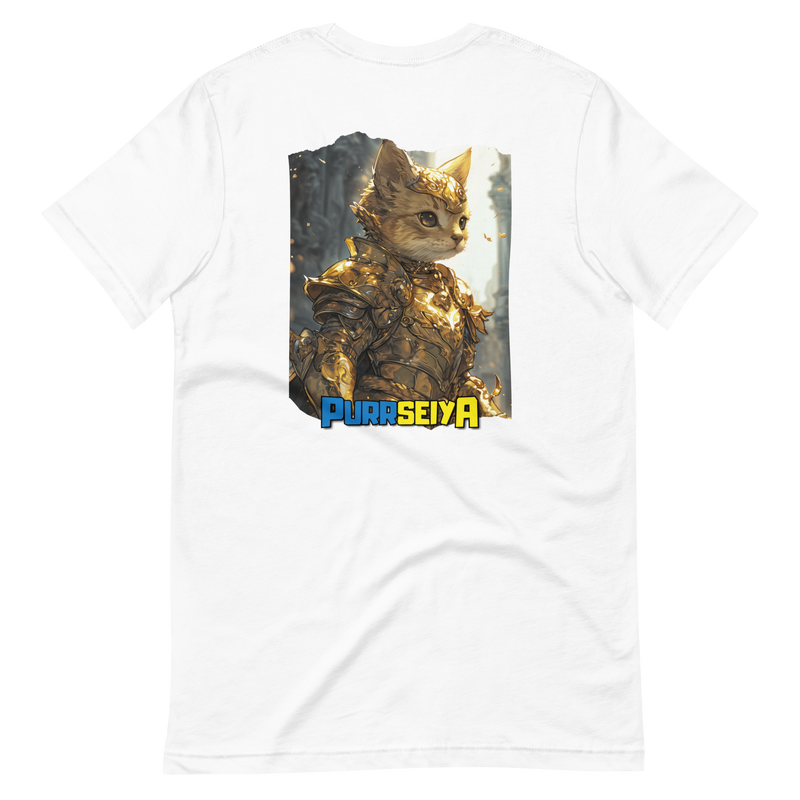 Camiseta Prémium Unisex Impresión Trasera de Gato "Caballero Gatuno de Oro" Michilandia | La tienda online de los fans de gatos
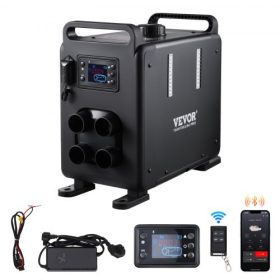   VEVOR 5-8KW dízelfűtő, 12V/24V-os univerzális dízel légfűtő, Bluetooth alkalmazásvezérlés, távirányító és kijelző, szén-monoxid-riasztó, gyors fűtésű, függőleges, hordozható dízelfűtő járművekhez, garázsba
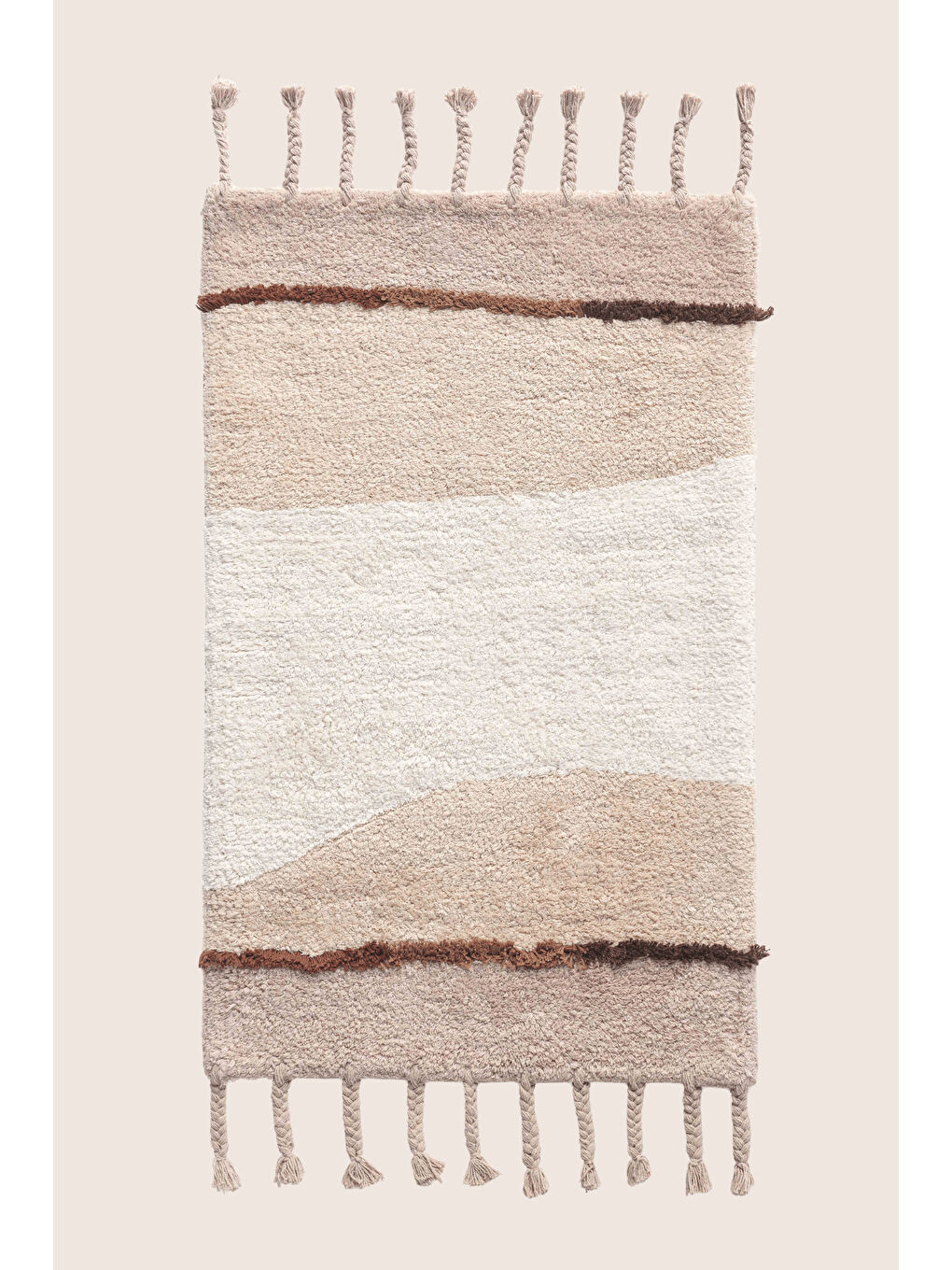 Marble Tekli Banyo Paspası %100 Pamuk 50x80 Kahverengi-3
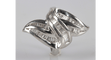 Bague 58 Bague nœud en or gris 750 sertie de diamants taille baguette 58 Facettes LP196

--

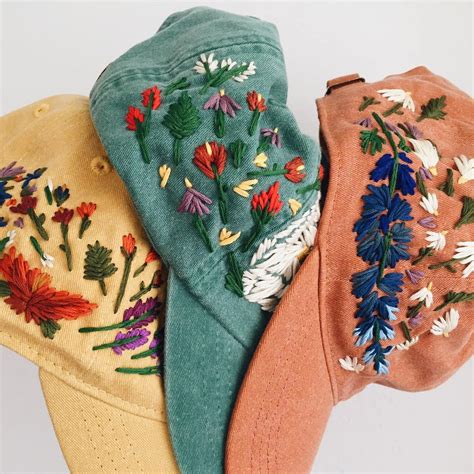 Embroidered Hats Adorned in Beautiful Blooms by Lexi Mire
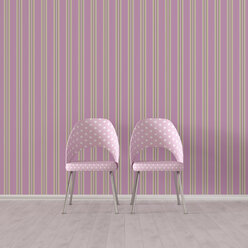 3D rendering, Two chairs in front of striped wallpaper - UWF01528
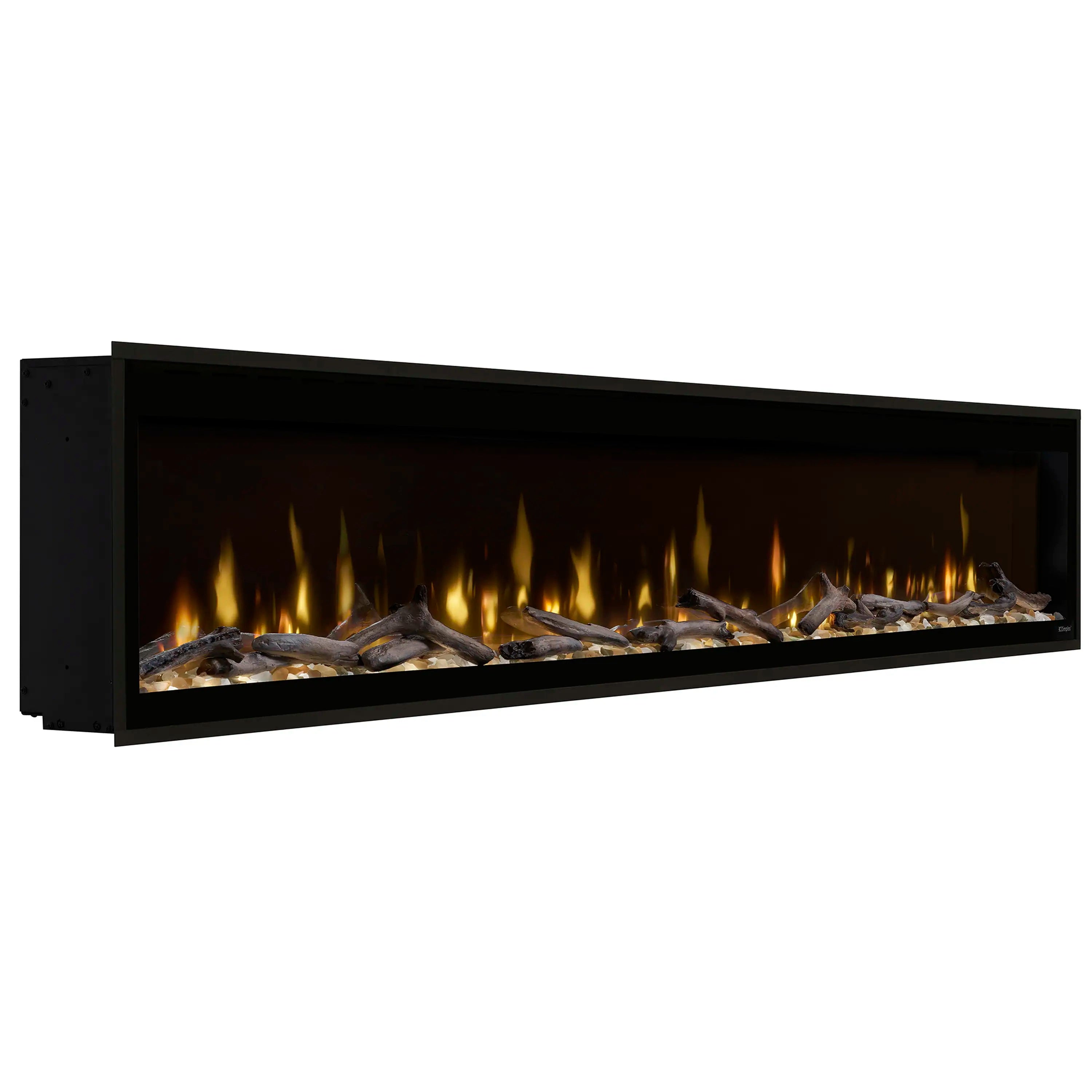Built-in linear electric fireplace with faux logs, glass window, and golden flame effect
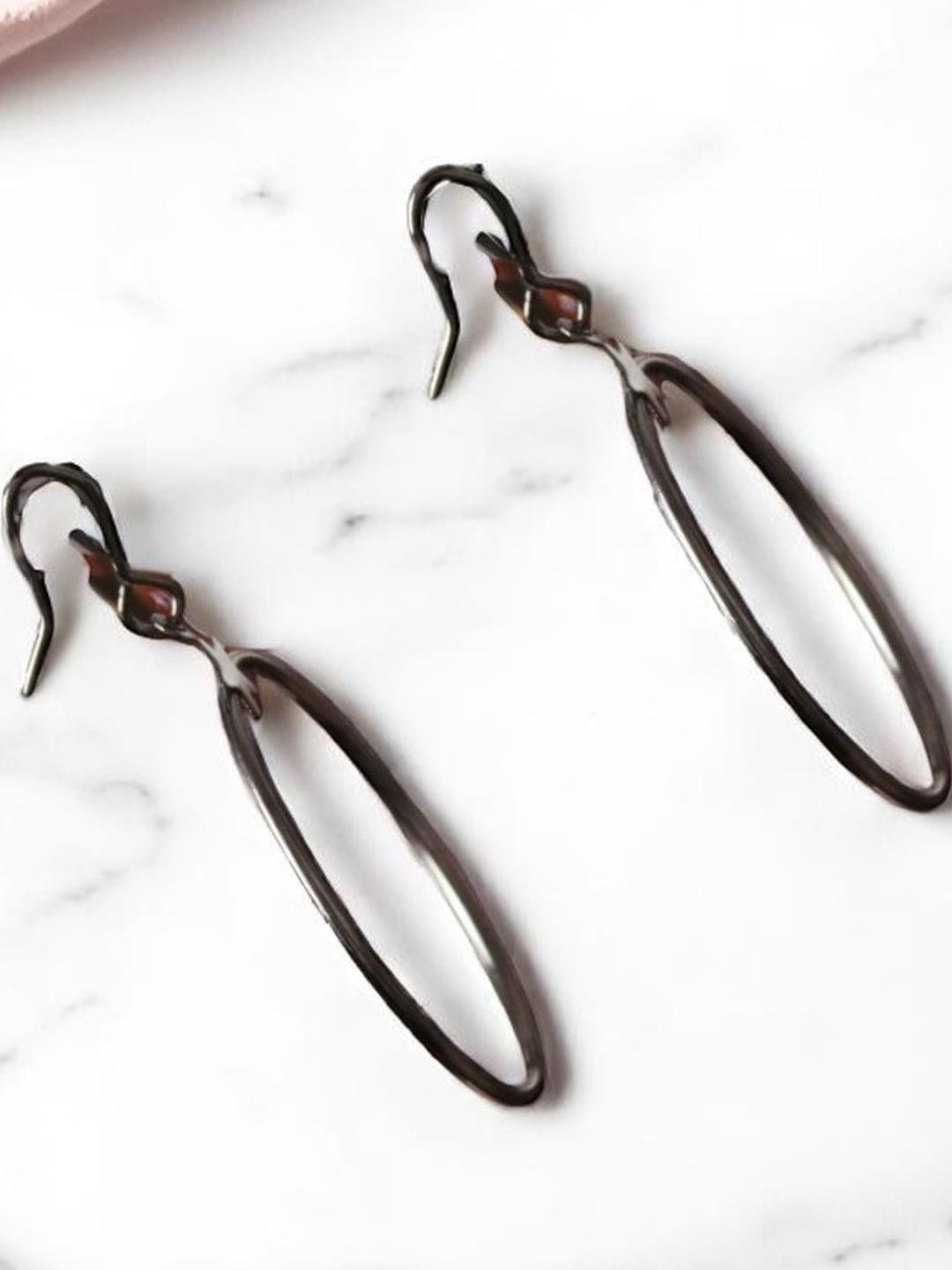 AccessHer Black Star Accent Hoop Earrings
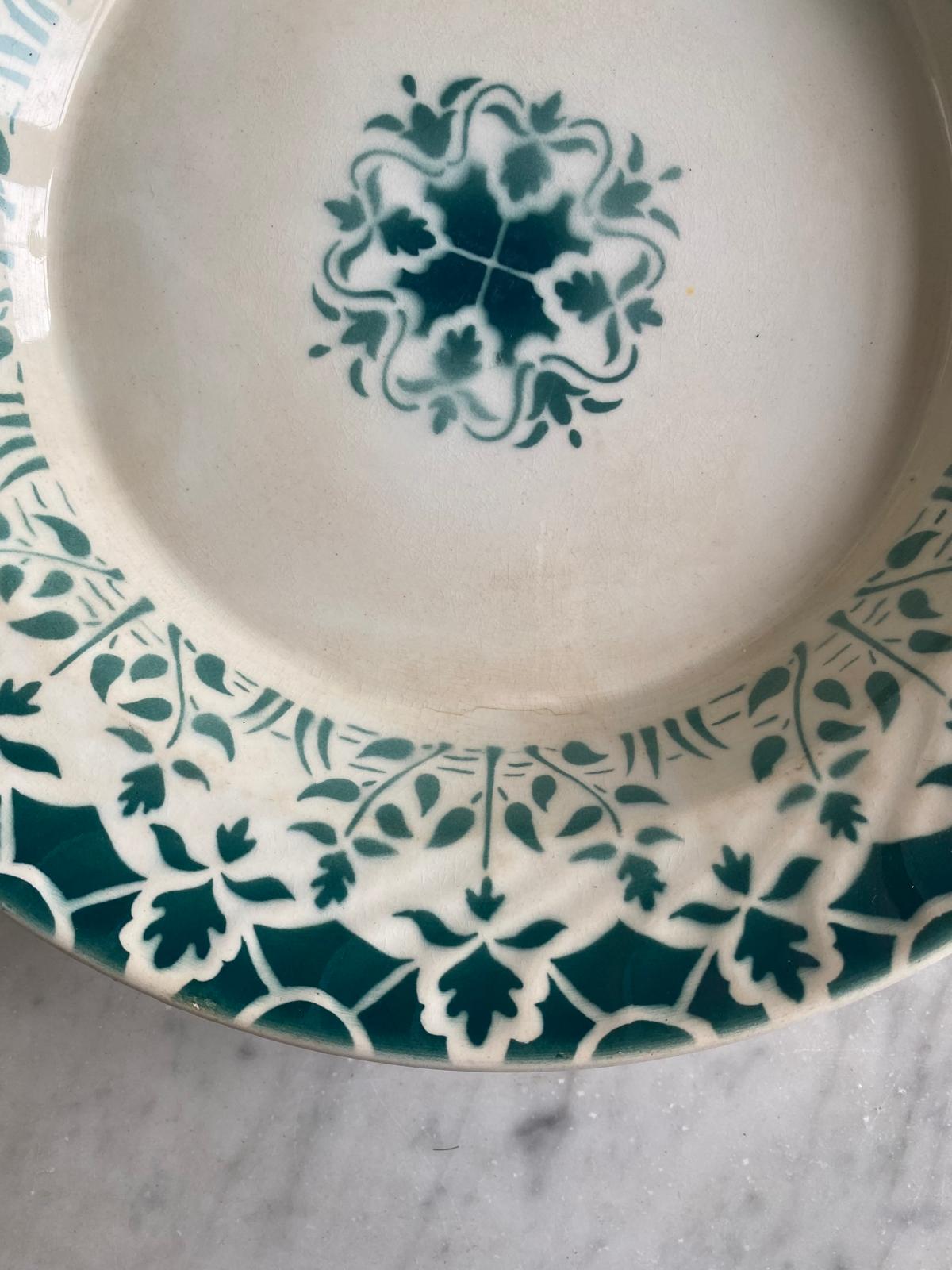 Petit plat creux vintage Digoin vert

...

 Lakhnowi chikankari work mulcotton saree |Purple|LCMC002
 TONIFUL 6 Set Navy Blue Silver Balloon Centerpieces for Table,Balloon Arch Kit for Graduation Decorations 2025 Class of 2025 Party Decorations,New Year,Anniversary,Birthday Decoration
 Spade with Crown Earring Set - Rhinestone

Exercise: Extract the part of the records that opens with the line containing "Marble Tekli Banyo" and closes with the line containing "Bague 58 Bague". Take only those lines, exactly, and no pictures.

Task solution:
 Marble Tekli Banyo Paspası %100 Pamuk 50x80 Kahverengi-3
 Bague 58 Bague nœud en or gris 750 sertie de diamants taille baguette 58 Facettes LP196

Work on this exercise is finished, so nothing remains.